Large tables in Snowflake can contain billions of rows, so queries need a way to avoid scanning everything. Instead of traditional indexes, Snowflake avoids full table scans by splitting data into micro-partitions and using metadata to skip unnecessary reads.

  • Only needed columns are read
  • Metadata is used to skip data
  • No manual indexing is required

This design helps Snowflake decide what data to read before scanning anything, which keeps large queries efficient.

Micro-Partitions

Snowflake automatically breaks data into small storage chunks when it is loaded.

  • Data is split into 50 to 500 MB chunks
  • Each column is stored separately
  • Compression is applied automatically

Micro-partitions allow Snowflake to read only the exact data needed for a query instead of scanning full rows. This makes large table queries faster and more efficient without manual tuning.

Each micro-partition stores summary information ("metadata") about its data.

  • Stores min and max values
  • Tracks row counts
  • Tracks null and distinct values

This metadata is managed automatically by Snowflake and is stored in the cloud services layer. It is used to quickly decide whether a partition should be scanned or skipped.

Partition Pruning

Snowflake uses metadata to skip unnecessary partitions during queries. This process is called partition pruning and it improves query performance.

  • Checks min and max values per partition
  • Skips partitions outside filter range
  • Reduces data scanned

In the example below, a query filters sales data for the month of May.

SELECT *
FROM sales
WHERE order_date BETWEEN '2022-05-01' AND '2022-05-31';

Snowflake evaluates each partition before scanning it and skips any partition that does not contain May data. Here, only partition P5 is scanned because its date range matches May. All other partitions are skipped based on metadata.

Note: Each row below represents a micro-partition, not individual rows.

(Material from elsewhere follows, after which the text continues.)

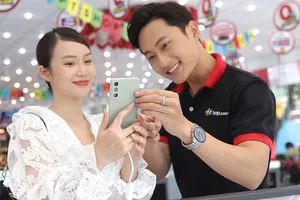 Điện thoại di động đang giảm giá sâu tại FPT Shop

PartitionMin DateMax DateTotal RowsRegionRemarks
P12022-01-012022-01-31120,000EastSkipped if filtering May
P22022-02-012022-02-28115,000WestSkipped if filtering May
P32022-03-012022-03-31130,000NorthSkipped if filtering May
P42022-04-012022-04-30125,000SouthSkipped if filtering May
P52022-05-012022-05-31140,000EastSelected for query
P62022-06-012022-06-30110,000WestSkipped if filtering May
P72022-07-012022-07-31118,000NorthSkipped if filtering May
P82022-08-012022-08-31122,000SouthSkipped if filtering May
P92022-09-012022-09-30119,000EastSkipped if filtering May
P102022-10-012022-10-31121,000WestSkipped if filtering May
P112022-11-012022-11-30117,000NorthSkipped if filtering May
P122022-12-012022-12-31123,000SouthSkipped if filtering May

Clustering

Clustering improves pruning by organizing how data is stored across partitions.

  • Similar values are grouped together
  • Improves filter performance
  • Works best on frequently queried columns

If data is loaded in order, such as by date, pruning works naturally. If values are scattered, pruning becomes less effective.

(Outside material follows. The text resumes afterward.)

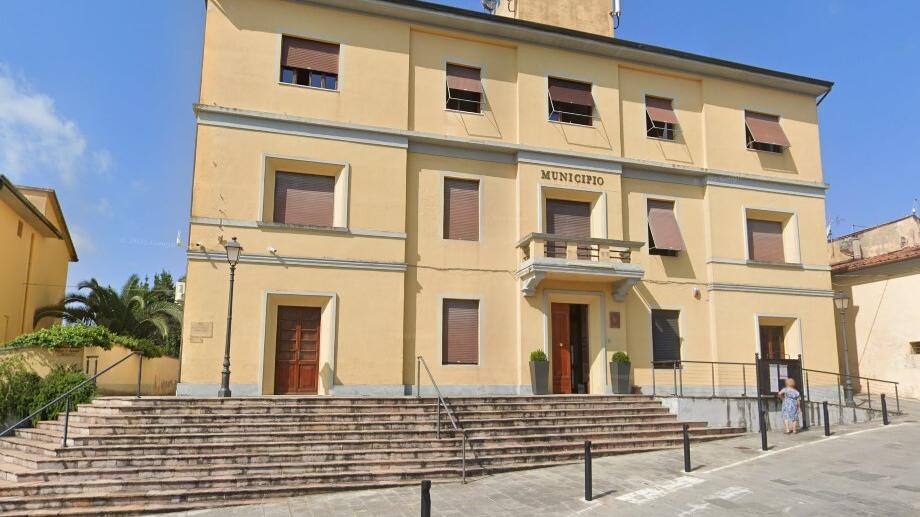 Il palazzo comunale di Crespina Lorenzana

We can also define a clustering key to optimize future queries on specific columns. This is especially useful when the column is not naturally clustered and pruning is inefficient.

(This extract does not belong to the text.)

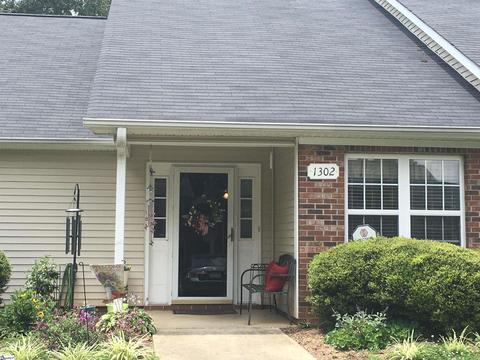 1302 Wenwood Ct, Greenville, SC 29607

When to Use a Clustering Key

A clustering key should only be used in the following scenarios:

  1. Table is very large (100GB+)
  2. Queries frequently filter the same column
  3. Existing pruning is inefficient

Clustering is not useful for small tables or rarely queried columns. It should be applied only when it clearly improves performance.

The sweet spot for a clustering key is moderate cardinality: enough distinct values to create meaningful partition boundaries, but not so many that every row lands in its own group. Columns like dates and country codes hit that balance.

Cardinality and Cost Considerations

Note that not all columns are good clustering candidates.

  • Low distinct values reduce effectiveness
  • High cardinality improves clustering results
  • Re-clustering adds compute cost

Snowflake automatically maintains clustering in the background using its own compute resources.

This improves performance over time but also adds cost, so clustering should be used intentionally rather than by default.